I’m really not a fan of sorbet. It’s among the ranks of spaghetti and marinara, steamed vegetables, the infamous hummus plate, and every half-baked idea of a meal dreamed up by omnivores as desirable vegan fare. Oh, ice crystal-encrusted frozen strawberry pulp that melts into soup within thirty seconds? Mmm, delicious. That sounds way better than ice cream or chocolate cake. The problem is, most sorbets are too sugary, artificial tasting, and unsatisfying compared to other desserts. However, I’ve had a few sorbets in the past year or so that I’ve been slowly warming up to the idea of sorbet. One is the selection of sorbets at Cold Spoons Gelato in Milwaukee. They have exciting flavors like blood orange, honeydew, grapefruit, blueberry, and mango, and texture is incredibly creamy.
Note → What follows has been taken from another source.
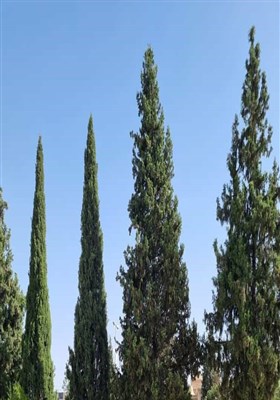 حذف ۸۰۰ درخت برای احداث یک تقاطع در شیراز/ شهرداری ۲ ماه درختان را آبیاری نکرد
No pesky ice crystals! That’s a sorbet I can get behind. I’ve also really been into the idea of basil sorbet since eating it in Seattle last year. I think the key to making a sorbet alluring is the right texture, fresh natural flavors, and dressing it up a bit so it’s its own thing, not a sad comparison to ice cream or gelato. I decided to give basil sorbet a whirl by making my own version using cucumber as the base.
This sorbet combines fresh cucumber, basil leaves, and zesty lemon, and salt, pepper, and olive oil bring depth to this frozen treat. Nothing is worse than a shallow, flavorless dessert. Admittedly, it wasn’t really appropriate sorbet weather when I made this, but since we’re nearing the month of May, I’m hoping that thinking about summer treats will reign in the warm weather!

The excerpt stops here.